#### Task statement
Give back the records in full, with every line exactly as it was.

#### Extracted material
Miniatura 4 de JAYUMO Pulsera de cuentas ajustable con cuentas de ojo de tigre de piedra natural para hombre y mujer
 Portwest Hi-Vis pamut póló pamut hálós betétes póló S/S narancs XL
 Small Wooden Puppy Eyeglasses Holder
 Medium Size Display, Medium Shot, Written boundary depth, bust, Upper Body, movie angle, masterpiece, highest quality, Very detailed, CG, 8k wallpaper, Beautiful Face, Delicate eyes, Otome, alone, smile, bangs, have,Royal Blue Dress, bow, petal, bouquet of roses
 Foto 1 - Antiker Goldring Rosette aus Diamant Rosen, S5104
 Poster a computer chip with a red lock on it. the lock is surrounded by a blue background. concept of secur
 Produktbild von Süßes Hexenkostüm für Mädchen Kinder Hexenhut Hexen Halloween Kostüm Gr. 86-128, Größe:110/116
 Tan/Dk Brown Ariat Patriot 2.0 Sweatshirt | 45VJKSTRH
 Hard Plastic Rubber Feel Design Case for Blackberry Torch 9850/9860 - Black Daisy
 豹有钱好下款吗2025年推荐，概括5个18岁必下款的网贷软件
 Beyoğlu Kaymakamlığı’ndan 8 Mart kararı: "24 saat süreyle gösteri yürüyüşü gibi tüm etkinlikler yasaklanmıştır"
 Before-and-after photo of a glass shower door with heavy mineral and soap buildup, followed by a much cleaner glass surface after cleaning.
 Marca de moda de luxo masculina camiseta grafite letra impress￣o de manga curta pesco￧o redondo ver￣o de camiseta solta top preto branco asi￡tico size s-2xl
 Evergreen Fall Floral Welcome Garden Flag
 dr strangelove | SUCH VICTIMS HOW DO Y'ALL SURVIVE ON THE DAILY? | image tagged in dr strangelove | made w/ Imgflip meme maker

#### Answer to the exercise
Miniatura 4 de JAYUMO Pulsera de cuentas ajustable con cuentas de ojo de tigre de piedra natural para hombre y mujer
 Portwest Hi-Vis pamut póló pamut hálós betétes póló S/S narancs XL
 Small Wooden Puppy Eyeglasses Holder
 Medium Size Display, Medium Shot, Written boundary depth, bust, Upper Body, movie angle, masterpiece, highest quality, Very detailed, CG, 8k wallpaper, Beautiful Face, Delicate eyes, Otome, alone, smile, bangs, have,Royal Blue Dress, bow, petal, bouquet of roses
 Foto 1 - Antiker Goldring Rosette aus Diamant Rosen, S5104
 Poster a computer chip with a red lock on it. the lock is surrounded by a blue background. concept of secur
 Produktbild von Süßes Hexenkostüm für Mädchen Kinder Hexenhut Hexen Halloween Kostüm Gr. 86-128, Größe:110/116
 Tan/Dk Brown Ariat Patriot 2.0 Sweatshirt | 45VJKSTRH
 Hard Plastic Rubber Feel Design Case for Blackberry Torch 9850/9860 - Black Daisy
 豹有钱好下款吗2025年推荐，概括5个18岁必下款的网贷软件
 Beyoğlu Kaymakamlığı’ndan 8 Mart kararı: "24 saat süreyle gösteri yürüyüşü gibi tüm etkinlikler yasaklanmıştır"
 Before-and-after photo of a glass shower door with heavy mineral and soap buildup, followed by a much cleaner glass surface after cleaning.
 Marca de moda de luxo masculina camiseta grafite letra impress￣o de manga curta pesco￧o redondo ver￣o de camiseta solta top preto branco asi￡tico size s-2xl
 Evergreen Fall Floral Welcome Garden Flag
 dr strangelove | SUCH VICTIMS HOW DO Y'ALL SURVIVE ON THE DAILY? | image tagged in dr strangelove | made w/ Imgflip meme maker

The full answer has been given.